Web page caption snippets

- - - - - - -

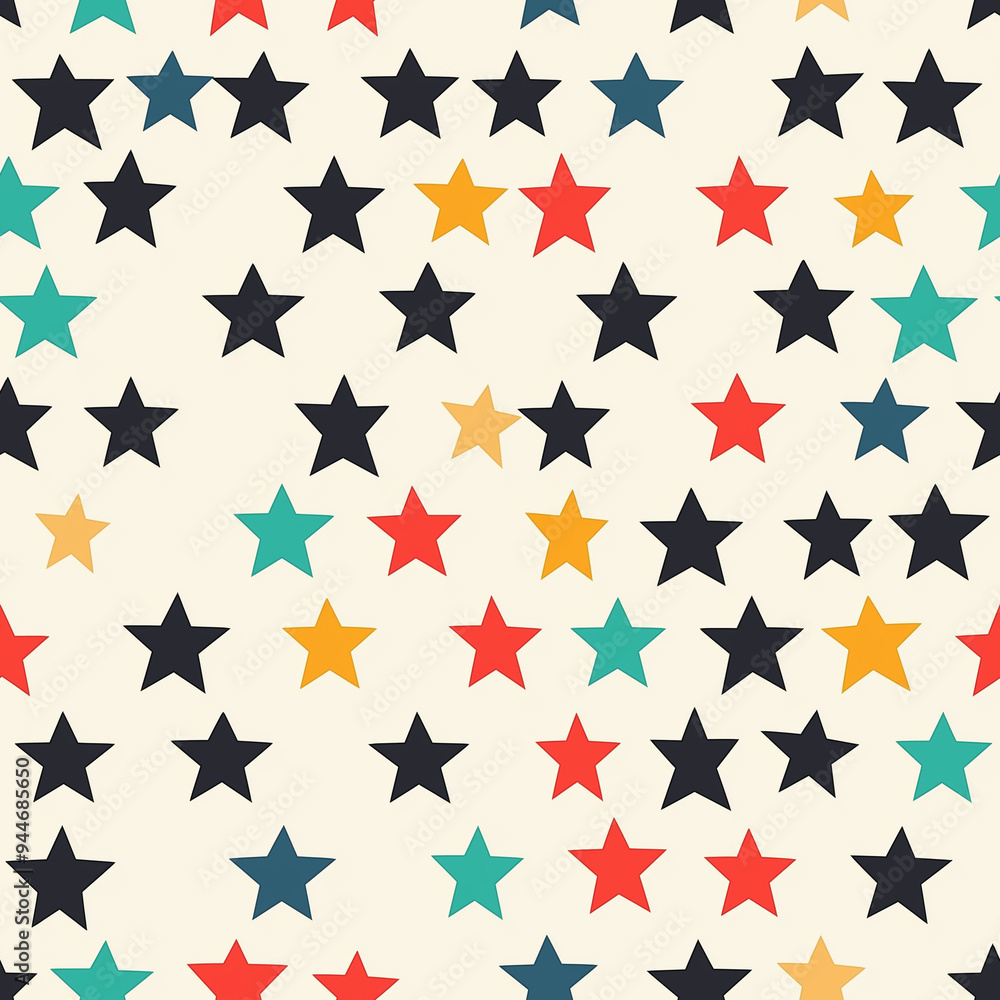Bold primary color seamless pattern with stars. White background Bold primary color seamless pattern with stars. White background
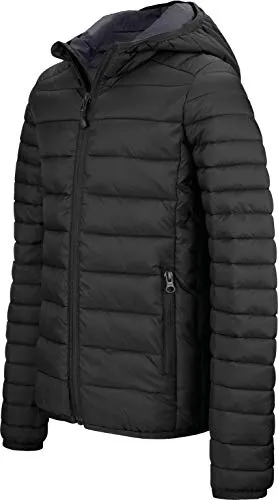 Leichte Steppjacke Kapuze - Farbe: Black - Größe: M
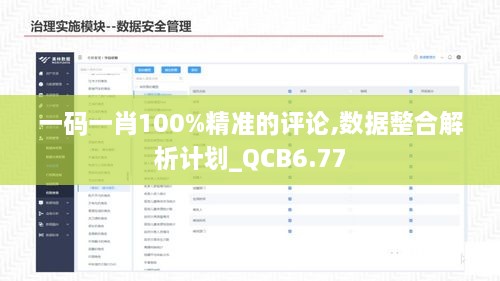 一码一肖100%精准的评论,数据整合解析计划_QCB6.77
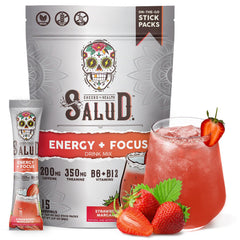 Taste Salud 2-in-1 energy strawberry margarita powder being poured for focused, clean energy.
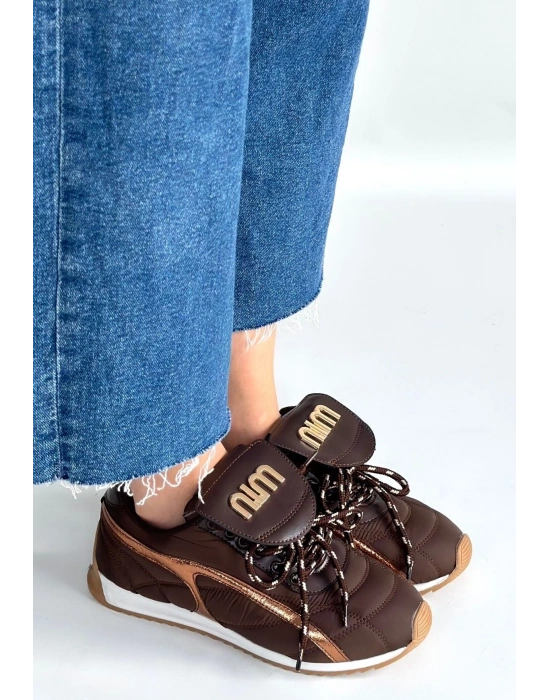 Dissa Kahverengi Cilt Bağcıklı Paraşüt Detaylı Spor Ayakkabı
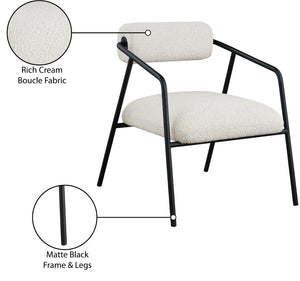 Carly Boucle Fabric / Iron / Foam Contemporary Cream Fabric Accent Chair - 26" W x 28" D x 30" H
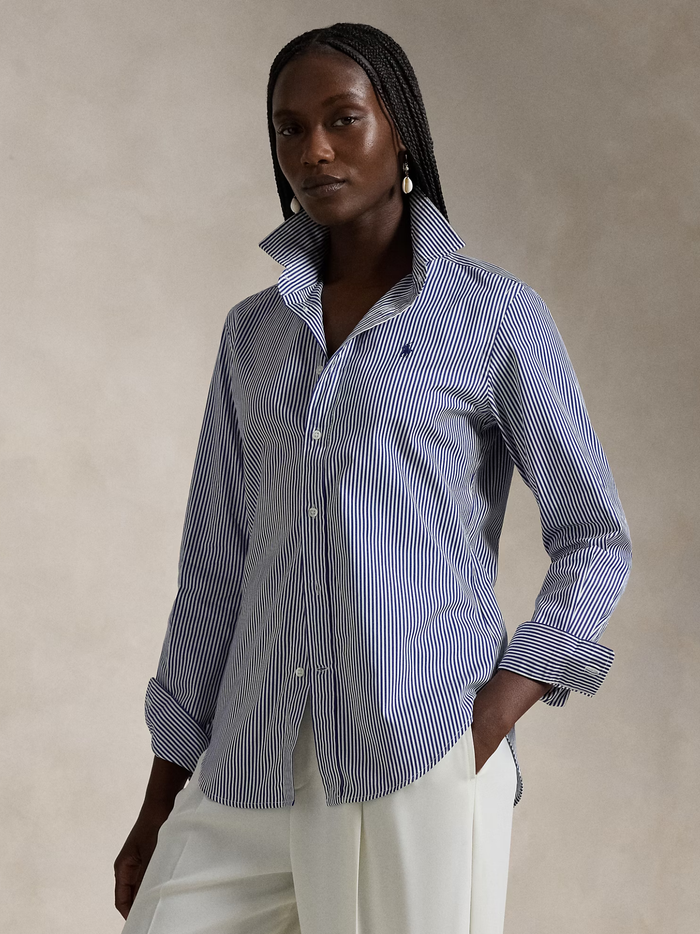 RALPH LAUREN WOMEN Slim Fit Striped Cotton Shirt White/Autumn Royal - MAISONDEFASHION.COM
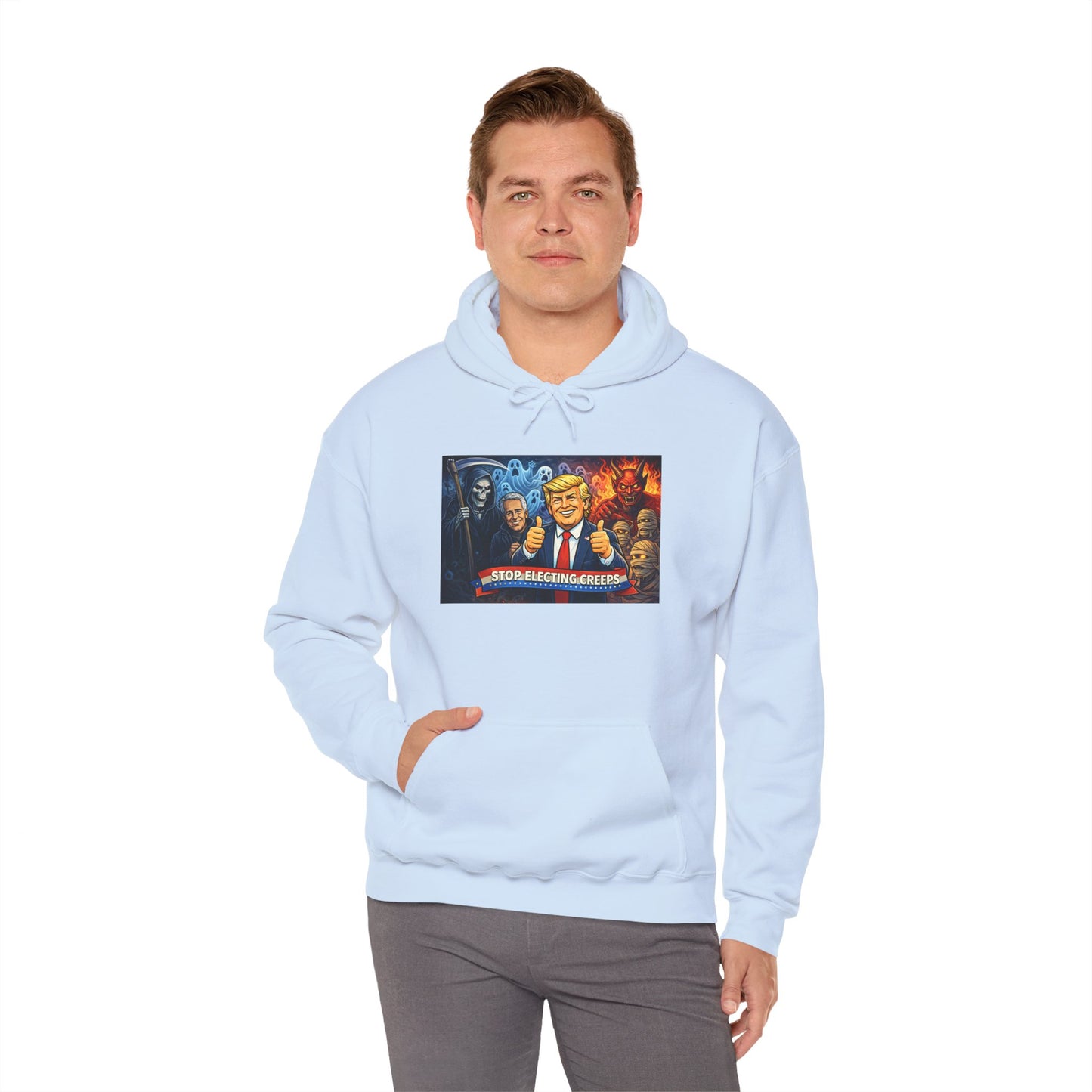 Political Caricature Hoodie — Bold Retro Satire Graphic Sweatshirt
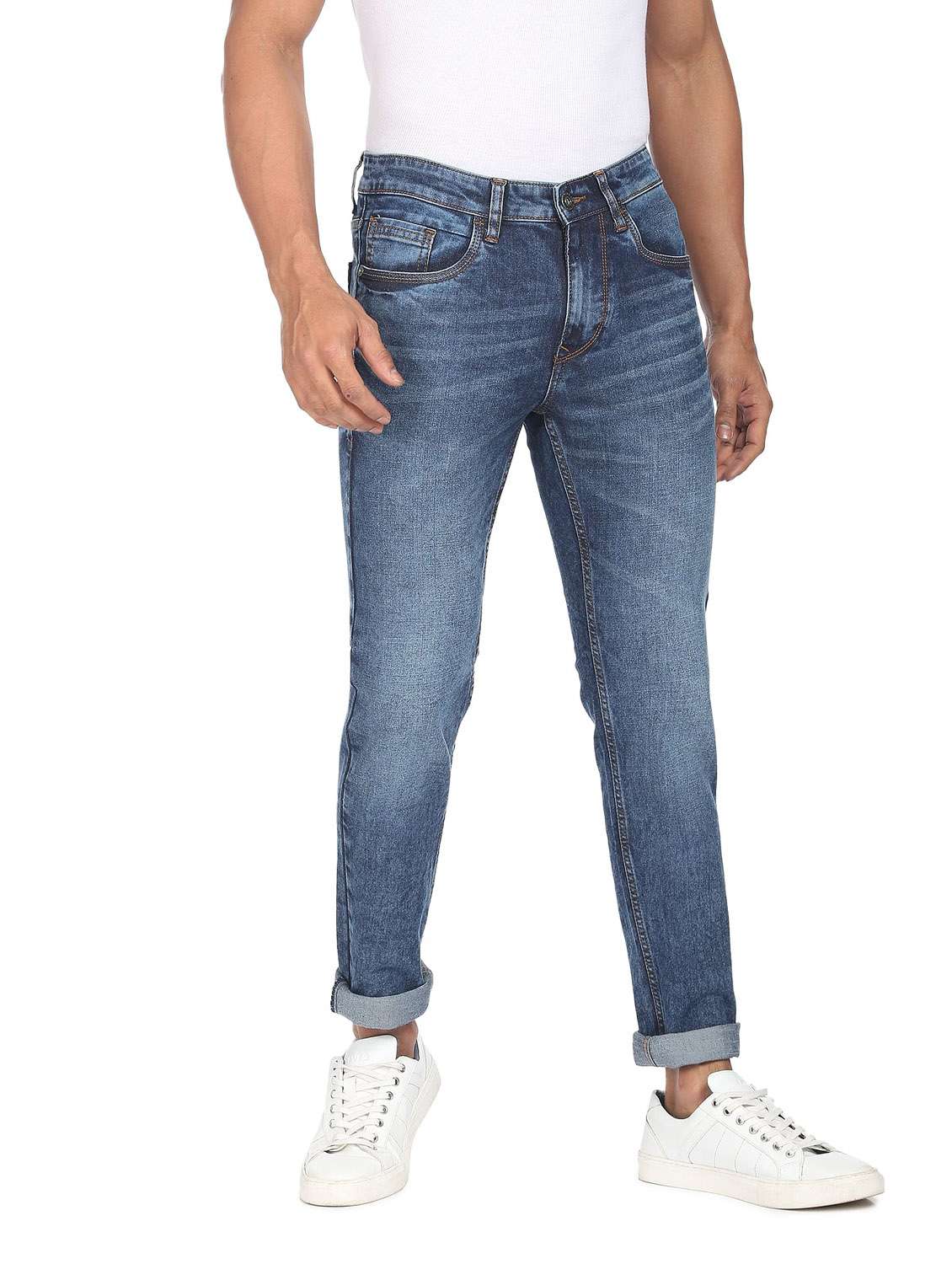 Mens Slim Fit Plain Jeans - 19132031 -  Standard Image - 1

- - - - - - -

» TO DO:
Every entry must be written out exactly, with all pictures left out.

» TASK ANSWER:
Bold primary color seamless pattern with stars. White background Bold primary color seamless pattern with stars. White background
 Leichte Steppjacke Kapuze - Farbe: Black - Größe: M
 一码一肖100%精准的评论,数据整合解析计划_QCB6.77
 Taste Salud 2-in-1 energy strawberry margarita powder being poured for focused, clean energy.
 Dissa Kahverengi Cilt Bağcıklı Paraşüt Detaylı Spor Ayakkabı
 Carly Boucle Fabric / Iron / Foam Contemporary Cream Fabric Accent Chair - 26" W x 28" D x 30" H
 RALPH LAUREN WOMEN Slim Fit Striped Cotton Shirt White/Autumn Royal - MAISONDEFASHION.COM
 Political Caricature Hoodie — Bold Retro Satire Graphic Sweatshirt
 Mens Slim Fit Plain Jeans - 19132031 -  Standard Image - 1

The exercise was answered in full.